I'm worried about how to write dts files and drivers to support all
permutation of forward and backward dependencies. And you most
definitely have the same case with bootloader-enabled clocks,
regulators and interconnects.

> >> This is often the case with initial platform support until various drivers
> >> get enabled.
> >
> > Can you please name platform that has enough support for Alexander to
> > care about backwards and forwards compatibility but lacks a pinctrl
> > driver.
>
> Alex will have to answer that. I do agree pinctrl drivers shouldn't be
> that hard because it is all just translating a bunch of pin data into
> one-time (mostly) register writes, so it shouldn't take that long to
> implement support. OTOH, maybe a pinctrl driver is low priority
> because nothing needs it yet. Either a given board works with the
> defaults and only some new board needs to change things or you don't
> need pinctrl until low power modes are implemented. However, power
> domains have the same problem and it can take years for those to get
> proper support.
>
> Alex proposed declaring dts files stable and then enforcing
> compatibility after that point. If anyone believes that will work,
> then please send a patch marking all the platforms in the kernel tree
> that are stable.
>

That might be a reasonable idea, but at least in our corner the current
decision that devicetree should be backwards compatible does make it
quite cumbersome to break this assumption - and in the cases we have had
to do it it's really been necessary.

> >> There's at least 2 scenarios where deferred probe can render
> >> a platform broken. Both involve using a DT which has more devices and
> >> dependencies than the kernel supports. The 1st case is a driver may be
> >> disabled in the kernel config.
> >
> > I agree that there is a chance that you _might_ get some parts of the
> > system working by relying on the boot loader configuration, but
> > misconfiguration issues applies to any other fundamental providers, such
> > as clocks, regulators, power domains and gpios as well.
>
> If it is only a chance, then perhaps we shouldn't allow things
> upstream without proper drivers for all these things. That will only
> give users the wrong impression.
>

It's not as much the drivers that's the problem here as it is the
composition of the drivers. For this particular case it would be
convenient not to ship the partial dtb, or at least not ship it with the
promise that it's stable.

> >> The 2nd case is the kernel version may
> >> simply not have the dependent driver. This can happen if using a newer DT
> >> (provided by firmware perhaps) with a stable kernel version.
> >>
> >
> > As above, this is in no way limited to pinctrl drivers.
>
> Yes, I wasn't trying to imply that with this patch. I was just
> starting with 1 example. IOMMUs (which essentially is already doing
> what this patch does) and power domains are the main other 2.

qcom,iommu-v1 is bool, but depends on e.g. CONFIG_MSM_GCC_8916 which is
tristate. So you would need to s/tristate/bool/ everything in
drivers/clk/qcom/Kconfig as well. Not to mention that there are
interconnects and power domains actually involved here as well...

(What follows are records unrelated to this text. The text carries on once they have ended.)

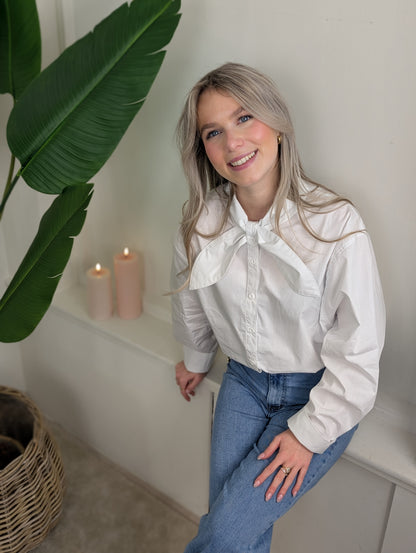 Oversized strik blouse Niomy - Wit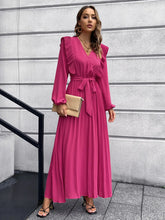 Load image into Gallery viewer, Isla Terry Pleated Long Sleeve Maxi Dress
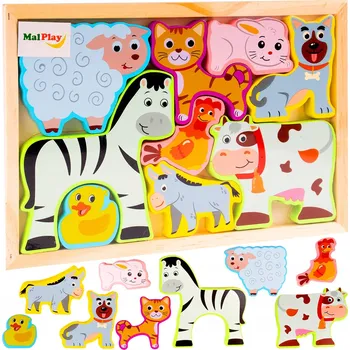 Puzzle DŘEVĚNÉ PUZZLE FARMA ZOO ZVÍŘÁTKA MONTESSORI PUZZLE DESKA 9 DÍLKŮ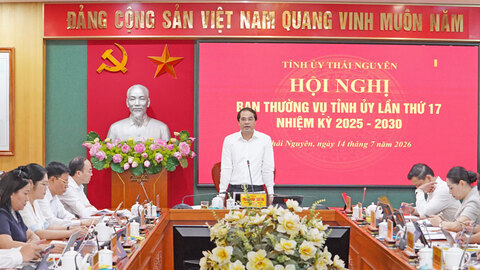 Ban Thường vụ Tỉnh ủy Thái Nguyên: Cho ý kiến về nhiều cơ chế, chính sách tạo động lực phát triển kinh tế - xã hội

> Clocks is an obvious one too, but from the discussion I referenced
> that problem is a bit different as platforms change from dummy
> fixed-clocks to a real clock controller driver. That will need a
> different solution.

So how are you going to deal with the case when a vendor decides to ship
their firmware package with all clocks enabled and only fixed clocks
described in DT and as they upstream a clock driver and patch their
firmware to do the right thing?


(Or the much less extreme case where this happens for a single clock,
regulator, pinctrl, interconnect, etc to fix some bug/power management
behavior)

And is this really a problem that does not exists in the ACPI world?

>
> >> Unfortunately, this change breaks with modules as we have no way of
> >> knowing when modules are done loading. One possibility is to make this
> >> opt in or out based on compatible strings rather than at a subsystem level.
> >> Ideally this information could be extracted automatically somehow. OTOH,
> >> maybe the lists are pretty small. There's only a handful of subsystems
> >> that can be optional, and then only so many drivers in those that can be
> >> modules (at least for pinctrl, many drivers are built-in only).
> >>
> >
> > On the Qualcomm platform most drivers are tristate and on most platforms
> > there are size restrictions in the proprietary boot loader preventing us
> > from boot the kernel after switching all these frameworks from tristate
> > to bool (which feels like a more appropriate solution than your hack).
>
> BTW, QCom platforms are almost the only ones with pinctrl drivers as
> modules. They are also happen to be PIA to configure correctly for a
> board.
>

There are a few pinctrl drivers for chips sitting on i2c busses, as such
changing this requirement would trickle down to a number of possible i2c
masters as well.

Sorry to hear that you find it so difficult to configure the pinctrl,
it's (almost) entirely using the common pinctrl bindings. Perhaps we
need to add some documentation of the hardware in the binding?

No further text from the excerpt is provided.